The Church of Our Lady and St Hubert is a Roman Catholic church in Warley, West Midlands, England, and in the Roman Catholic Archdiocese of Birmingham. It was built in 1934, and is Grade II listed.

==Background==
The church was built by a bequest of Major Howard Galton (1854–1928). His ancestor Samuel Galton, a Birmingham gun manufacturer, purchased an estate in Warley and built a house, Warley Abbey, set in landscaped grounds. The house was completed by his son Hubert in 1819. The Galton family later moved away from Warley Abbey, but remained its owners. The grounds eventually became Warley Woods; Warley Abbey was demolished in 1957.

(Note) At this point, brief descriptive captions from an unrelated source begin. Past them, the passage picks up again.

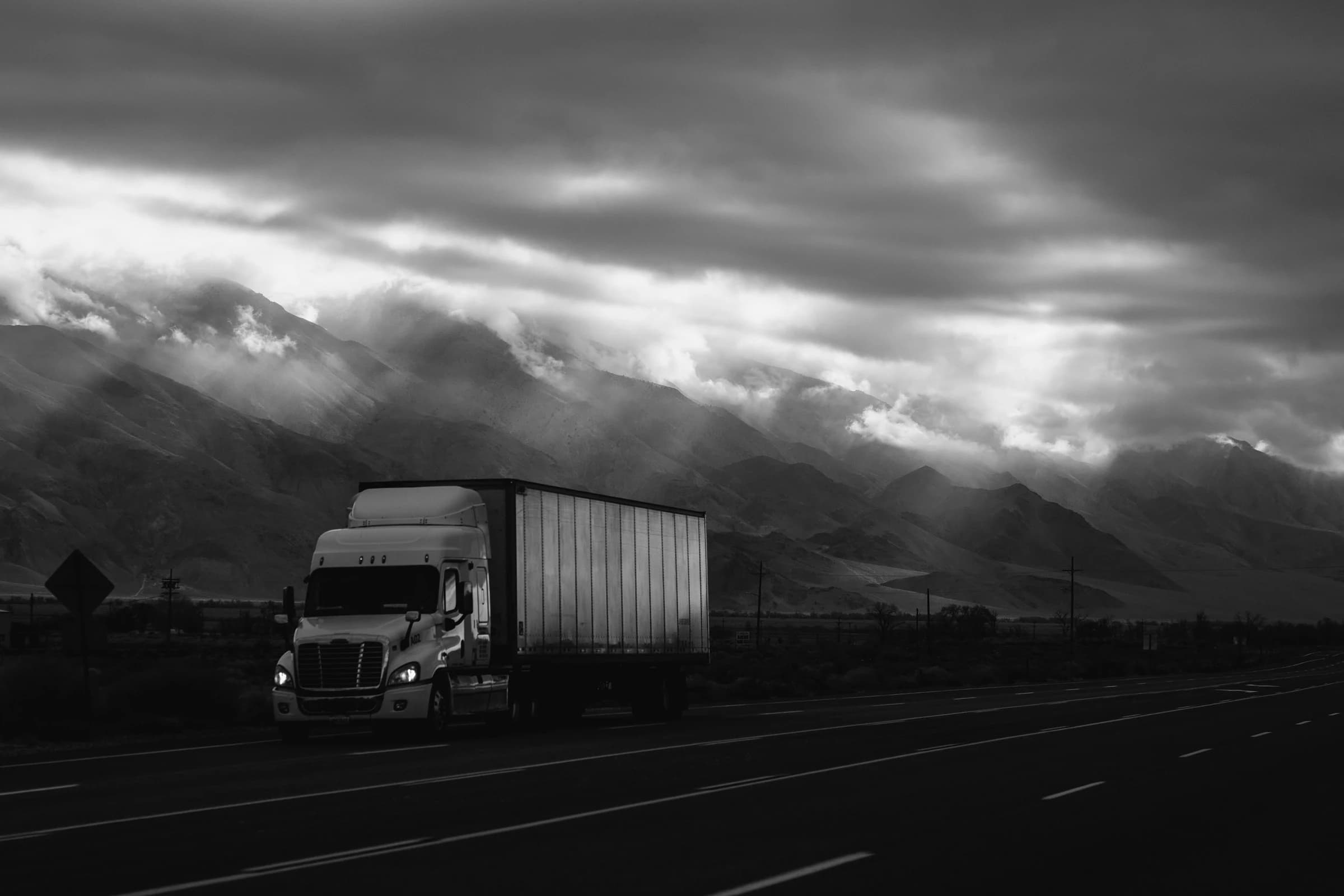 Truck on a highway beneath storm-lit mountains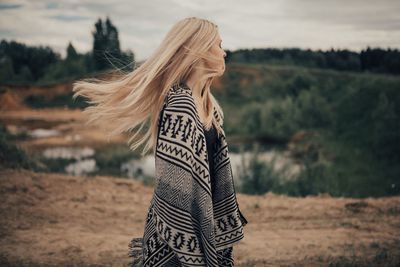 Midsection of woman standing on field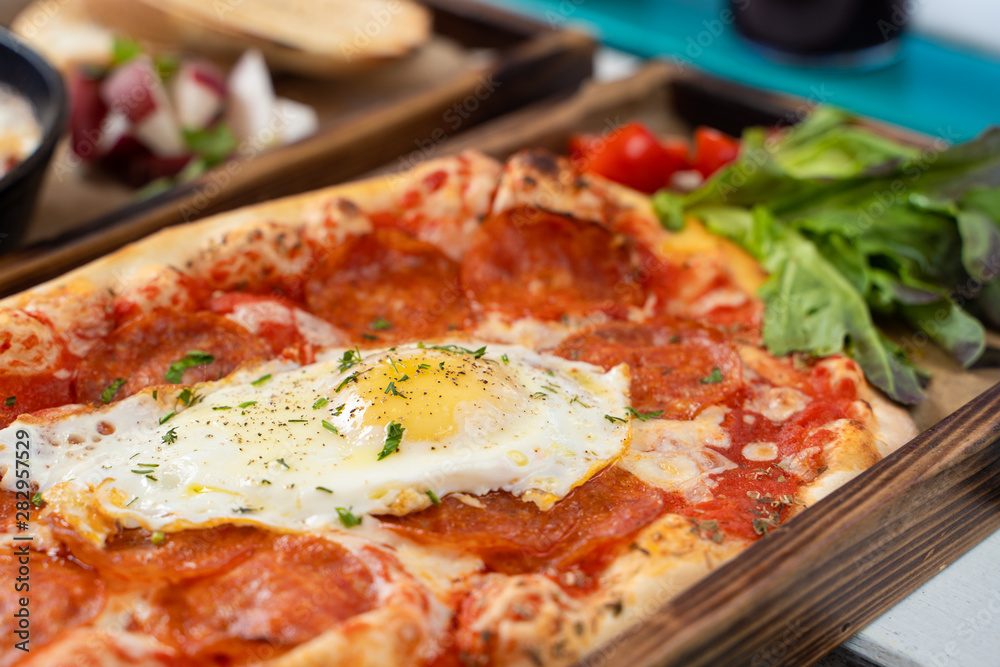 Close up of mouthwatering rome pizza with crust, tomato sauce, spicy pepperoni and fried egg in the centre Close up of mouthwatering rome pizza with crust, tomato sauce, spicy pepperoni and fried egg in the centre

In the mid-19th century the family, who were Quakers, converted to Roman Catholicism, inspired by John Henry Newman, the founder of the Birmingham Oratory. Major Howard Galton, a grandson of Hubert, originally offered a parcel of land at the corner of Park Road and Wigorn Road in Bearwood nearby, but since the diocesan authorities advised that the site was too small, he amended his will so that the proceeds from a sale of land would be used for building the church on a site approved by the trustees.

==Construction==
The church, situated at the junction of Bleakhouse Road with the A4123 Wolverhampton Road, was designed in Early-Christian basilican style by George Drysdale, a Roman Catholic and senior partner of the London firm Leonard Stokes and Drysdale. It was built in 1934, to seat a congregation of 500. It was opened on 3 November 1934 by Archbishop Thomas Leighton Williams, and was consecrated on 18 June 1935.

==Description==
The church is built of narrow brown and purple bricks, in English garden-wall bond. The west door is set within a tall round-headed brick arch. Above the doorway is a representation of the Virgin and Child in Della Robbia style; it has a mosaic surround, designed by Hardman & Co. and installed in 1949. Above the arch and below the plat band are stone bas-reliefs in Art Deco style of the Evangelists and, in the centre, the Agnus Dei. Above the plat band are four windows with round arches.

The campanile, in the south-east corner of the building, has a tall white cross on two of its faces. Near the base of the campanile is a stone sculpture of a kneeling stag with the crucifix between its antlers, the symbol of St Hubert.

The narthex, into which the west door leads, has a panelled organ gallery above, and is separated from the nave by a screen which has five glazed archways. At the sides of the nave are arcades of four bays with wide semi-circular arches; above them are round-arched clerestory windows. Behind the stone altar is a tall stone reredos with a timber canopy.